(EXERCISE AIM):
After locating the line with "This allows Solaria", set down that line and all the lines that follow it, unchanged, to the end of the records; omit the pictures.

Saved data entries
------------------------------------------------------------

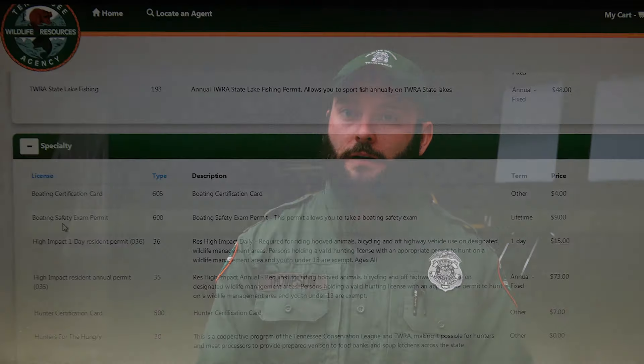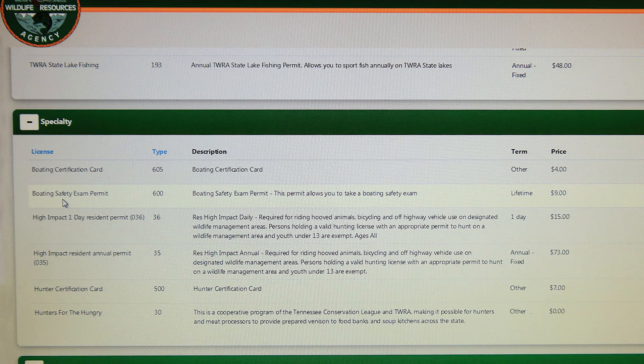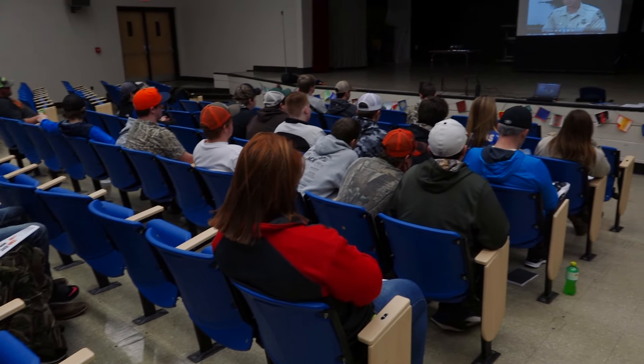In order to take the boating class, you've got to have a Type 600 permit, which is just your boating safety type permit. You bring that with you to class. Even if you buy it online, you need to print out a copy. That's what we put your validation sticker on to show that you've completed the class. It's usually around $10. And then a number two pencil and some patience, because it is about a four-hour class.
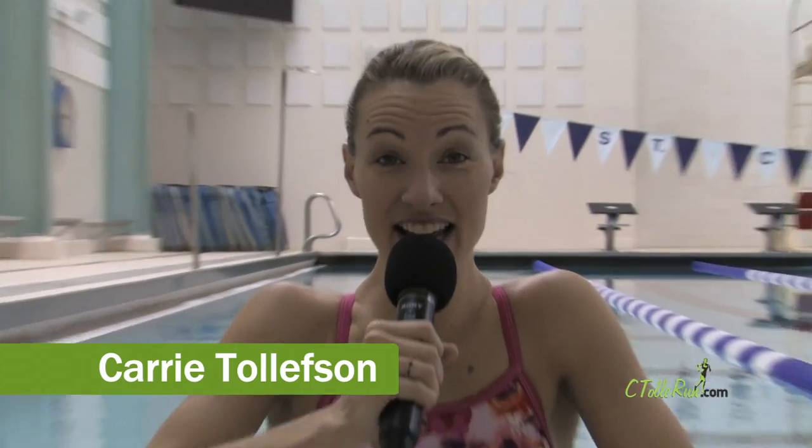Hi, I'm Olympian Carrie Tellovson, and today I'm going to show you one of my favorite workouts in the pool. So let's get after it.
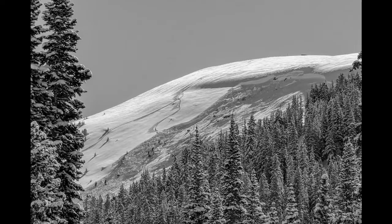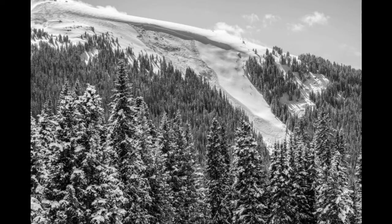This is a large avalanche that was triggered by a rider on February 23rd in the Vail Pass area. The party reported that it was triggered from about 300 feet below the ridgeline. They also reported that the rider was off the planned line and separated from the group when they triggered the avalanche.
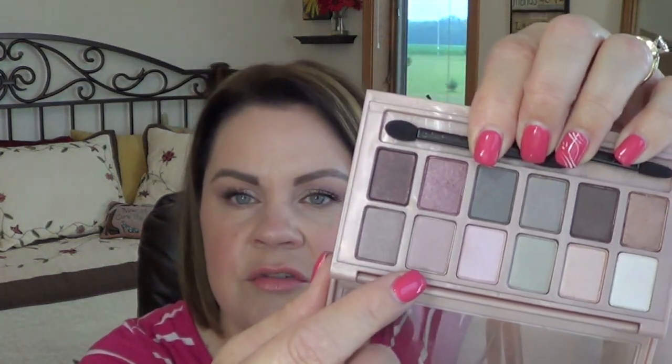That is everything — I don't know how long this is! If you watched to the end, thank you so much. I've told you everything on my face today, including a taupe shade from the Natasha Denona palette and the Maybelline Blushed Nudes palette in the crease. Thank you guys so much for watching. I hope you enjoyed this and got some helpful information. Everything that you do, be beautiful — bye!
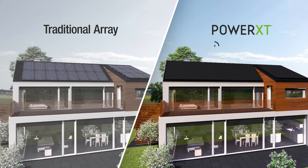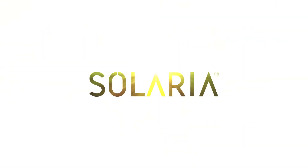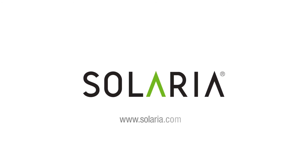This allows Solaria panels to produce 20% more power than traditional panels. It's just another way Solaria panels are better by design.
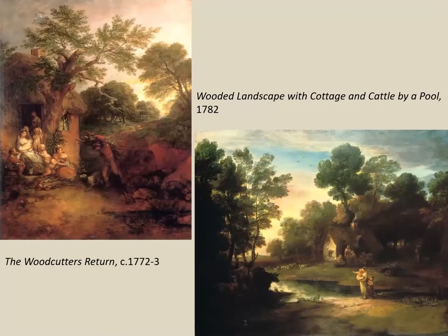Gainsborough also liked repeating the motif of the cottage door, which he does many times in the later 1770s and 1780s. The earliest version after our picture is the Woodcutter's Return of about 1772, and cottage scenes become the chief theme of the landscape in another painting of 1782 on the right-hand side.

------------------------------------------------------------

(RESPONSE):
This allows Solaria panels to produce 20% more power than traditional panels. It's just another way Solaria panels are better by design.
Gainsborough also liked repeating the motif of the cottage door, which he does many times in the later 1770s and 1780s. The earliest version after our picture is the Woodcutter's Return of about 1772, and cottage scenes become the chief theme of the landscape in another painting of 1782 on the right-hand side.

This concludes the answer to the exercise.